The trick, here, is the fact that new processes can be created suspended. When CreateProcess is called with CREATE_SUSPENDED, Windows begins the usual way: creating the process' address space, loading the module, preparing the kernel for the new process, and creating the initial thread. In reality, processes are nothing more than an environment for threads to run it; what's really suspended is the initial thread. When run, this initial thread does several things, most notably preparing the executable for execution (including loading all required DLLs) calling the executable's entry point function (main or WinMain), and then calling ExitThread with the return value of the entry point (if there are no other threads running in the process, ExitThread has the effect of destroying the process).

While this thread is suspended, we have access to the process, allowing us to do any number of evil things. There are a number of possible ways to go about hijacking the thread, but I'll only present the best one (the most robust and with the highest reliability): overwriting the entry point. Here, we overwrite the first few bytes of the entry point with a JMP instruction, to jump to our injected code, which will load your DLL, call a patching function, and then jump back to the application.

There are numerous advantages to this technique over the others. Unlike CreateRemoteThread, this method does not mandate Windows NT (I should note, in case you don't realize, that "NT" refers to the NT platform, which includes NT Workstation/Server, 2000, XP, and Server 2003). As well, it is the only method that not only allows synchronous operation, but also allows your code to be executed before the target executable begins running.

This sounds fairly simple, but it turns out to be a major hassle to get right (I seriously doubt I could have gotten the code for this post working on the first try had I not been doing this kind of thing for years). This is especially true when you intend to create a version which works on both Windows 9x and NT, which is a very nice feature.
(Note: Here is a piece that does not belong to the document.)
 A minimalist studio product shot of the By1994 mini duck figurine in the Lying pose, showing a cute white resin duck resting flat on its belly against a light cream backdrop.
The first complication of this method is rather severe: you must be sure that you get EVERYTHING you need in your injected loader code into the process, both code and data. Among other things, that implies that you must write your loader code in assembly, and you may not call imported API functions (because your loader code doesn't have an import table). If you wish to call any API functions (which you will, considering that you'll at least need LoadLibrary), you must pass the address of the functions to your loader from the parent process.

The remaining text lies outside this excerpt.